The SEC’s complaint, filed March 30, 2018, alleges that Michael Liberty, his wife, Brittany Liberty, his cousin, Richard Liberty, Paul Hess, and attorney George Marcus induced investors to purchase unregistered interests in shell companies controlled by Michael Liberty that supposedly owned transferable interests in Mozido. In reality, the shell companies either did not own, or were not permitted to transfer, interests in the company. The SEC also alleges that Michael Liberty and his accomplices lied to investors about Mozido’s valuation and finances, the amount Michael Liberty had personally invested in Mozido, and the use of their funds. According to the complaint, Michael Liberty and his accomplices later orchestrated a series of transactions in which they used the investors’ own money to heavily dilute their interests and duped investors into trading securities for those worth more than 90% less.

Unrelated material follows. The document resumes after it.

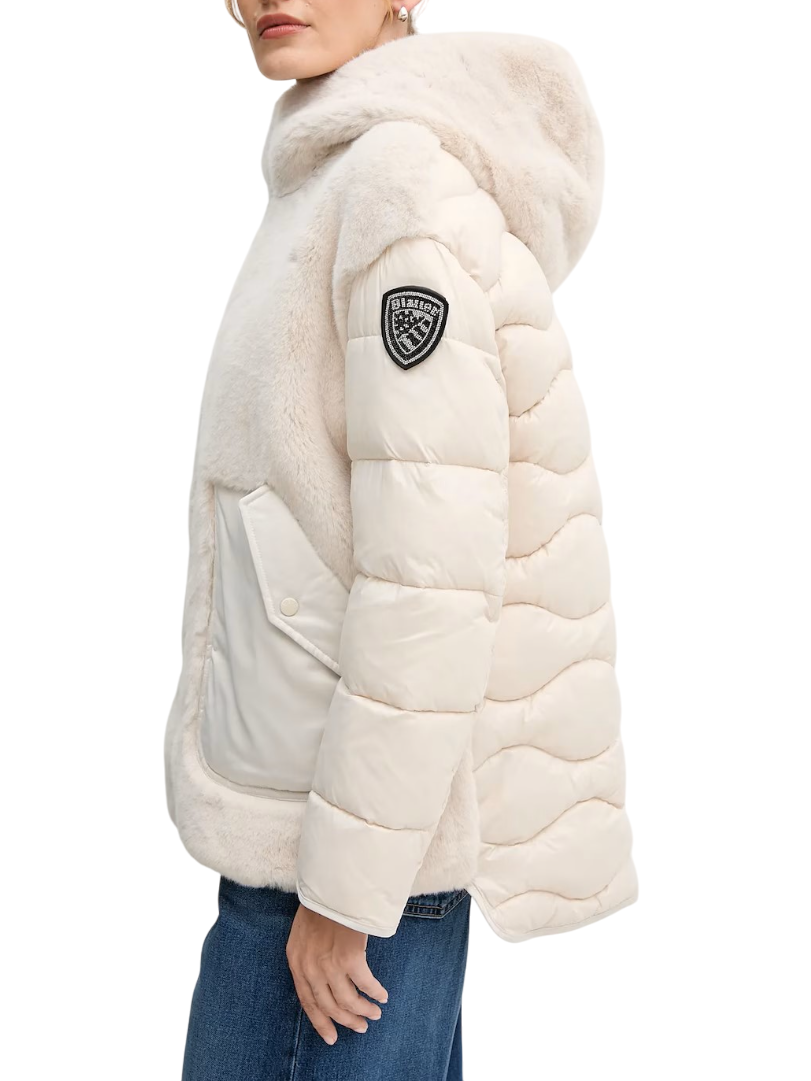 Blauer piumino Estrella in nylon ed ecopelliccia ecrù 25WBLDB02106-006646 907 BLAUER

The SEC’s complaint, filed in federal court in Maine, charges Defendants with violating the anti-fraud and registration provisions of the federal securities laws. Specifically, the complaint alleges that Michael Liberty; Brittany Abbass Liberty (“Abbass”); Richard Liberty; Hess; Marcus; Brentwood Financial, LLC (Brentwood Financial); BRTMDO Investments, LLC (BRTMDO); Family Mobile, LLC (Family Mobile); and Mozido Invesco, LLC (Mozido Invesco) violated Section 17(a) of the Securities Act of 1933 (Securities Act) and Section 10(b) of the Securities Exchange Act of 1934 (Exchange Act) and Rule 10b-5 thereunder, and, in the alternative Abbass, Richard Liberty, Hess, Marcus, Brentwood Financial, BRTMDO, Family Mobile, and Mozido Invesco aided and abetted those violations. It also alleges that Michael Liberty Abbass, Richard Liberty, Hess, Marcus, Brentwood Financial, BRTMDO, Mozido Invesco, Family Mobile, and TL Holdings Group, LLC violated Sections 5(a) and 5(c) of the Securities Act, and, in the alternative, Liberty, Abbass, Richard Liberty, Hess, and Marcus aided and abetted those violations. Finally, the complaint alleges that Hess and Richard Liberty violated Section 15(a) of the Exchange Act. Xanadu Partners, LLC has been named as a relief defendant.

The litigation is being led by Marc Jones, Peter Bryan Moores, Trevor Donelan, and Kevin Currid of the SEC’s the Boston Regional Office.